Mapa de questões · 2º dia
Questão 134 — ENEM 2017Caderno azul · 2º Dia
A ozonólise, reação utilizada na indústria madeireira para a produção de papel, é também utilizada em escala de laboratório na síntese de aldeídos e cetonas. As duplas ligações dos alcenos são clivadas pela oxidação com o ozônio (O3), em presença de água e zinco metálico, e a reação produz aldeídos e/ou cetonas, dependendo do grau de substituição da ligação dupla. Ligações duplas dissubstituídas geram cetonas, enquanto as ligações duplas terminais ou monossubstituídas dão origem a aldeídos, como mostra o esquema.

Considere a ozonólise do composto 1-fenil-2-metilprop-1-eno:

Quais são os produtos formados nessa reação?
Alternativas
Resolução
Ficha da Questão
- 📚 Matérias Necessárias: Química → Química Orgânica (alcenos, nomenclatura IUPAC, ozonólise, aldeídos e cetonas)
- ⚡ Nível: Médio — a dificuldade não está na reação em si (a regra é dada no enunciado), mas em traduzir corretamente a nomenclatura IUPAC "1-fenil-2-metilprop-1-eno" para a estrutura e aplicar a regra a cada carbono da dupla.
- 🎯 Tema/Habilidade: Ozonólise de alcenos e previsão de produtos carbonílicos — competência de interpretar estruturas orgânicas a partir de nomenclatura e de aplicar um mecanismo de reação descrito no próprio enunciado.
- 🏆 Gabarito: A — revelado após resolução completa
Passo 1 — Leitura Estratégica do Comando
- Comando reformulado: "Desenhe a estrutura do 1-fenil-2-metilprop-1-eno, aplique a clivagem oxidativa da dupla ligação (ozonólise) e identifique os dois produtos carbonílicos formados."

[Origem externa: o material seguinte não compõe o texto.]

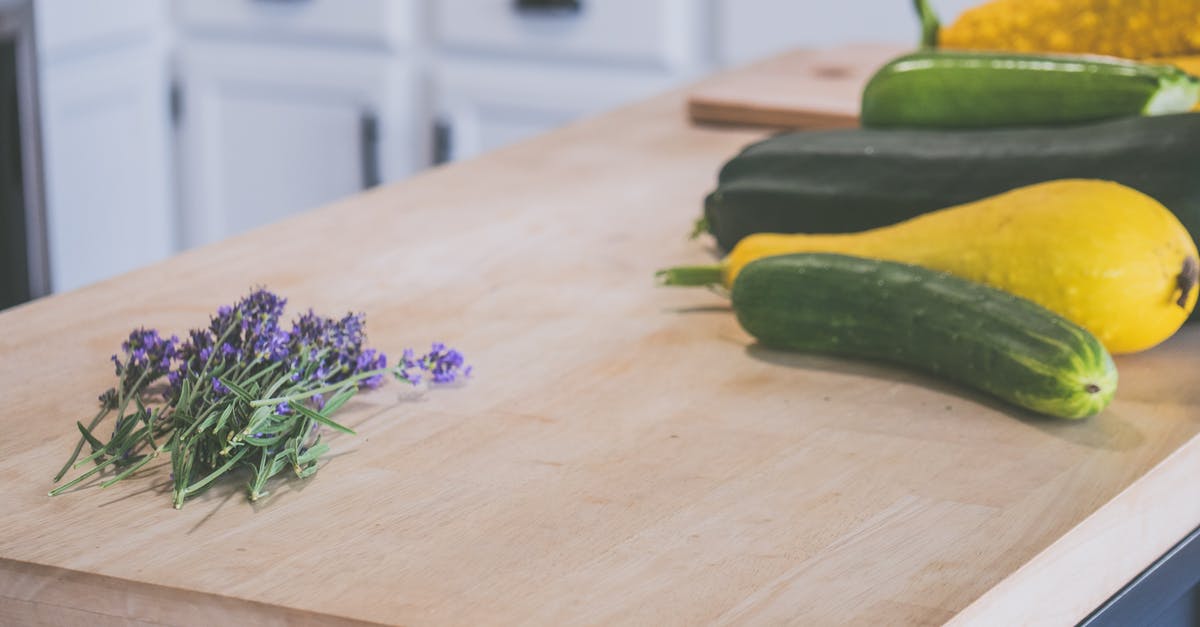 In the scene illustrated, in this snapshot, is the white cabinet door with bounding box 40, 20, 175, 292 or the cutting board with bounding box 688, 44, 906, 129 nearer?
the cutting board with bounding box 688, 44, 906, 129

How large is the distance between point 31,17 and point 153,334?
1871 mm

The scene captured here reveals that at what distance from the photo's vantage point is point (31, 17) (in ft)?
8.53

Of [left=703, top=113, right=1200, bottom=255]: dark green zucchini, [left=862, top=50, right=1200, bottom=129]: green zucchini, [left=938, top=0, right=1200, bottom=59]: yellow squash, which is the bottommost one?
[left=703, top=113, right=1200, bottom=255]: dark green zucchini

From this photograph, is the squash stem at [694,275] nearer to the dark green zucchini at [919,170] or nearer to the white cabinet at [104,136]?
the dark green zucchini at [919,170]

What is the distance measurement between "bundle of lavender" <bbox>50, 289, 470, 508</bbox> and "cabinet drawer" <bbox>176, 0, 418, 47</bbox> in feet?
7.52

- Palavras-chave decisivas: ozonólise, grau de substituição da ligação dupla, 1-fenil-2-metilprop-1-eno
- Armadilha típica: errar a estrutura do alceno (trocar a posição do fenil ou da metila) ou esquecer que um dos carbonos da dupla carrega DUAS metilas — e não uma só —, o que leva a escolher um aldeído (propanal ou etanal) no lugar da cetona correta (propanona).
- O que a resposta precisa demonstrar: capacidade de converter nome IUPAC em estrutura, contar corretamente os substituintes de cada carbono da dupla e aplicar a regra "monossubstituído/terminal → aldeído; dissubstituído → cetona" preservando os grupos originais em cada fragmento.
Passo 2 — Mapa de Conceitos Essenciais
- Ozonólise (clivagem oxidativa): o ozônio (O₃) reage com a ligação dupla C=C formando um ozonídeo instável; na presença de H₂O e Zn (meio redutor, que evita a formação de peróxidos e ácidos carboxílicos), esse intermediário é hidrolisado e a dupla é "cortada ao meio", com cada carbono da dupla original ganhando um oxigênio (C=O) no lugar da ligação com o outro carbono.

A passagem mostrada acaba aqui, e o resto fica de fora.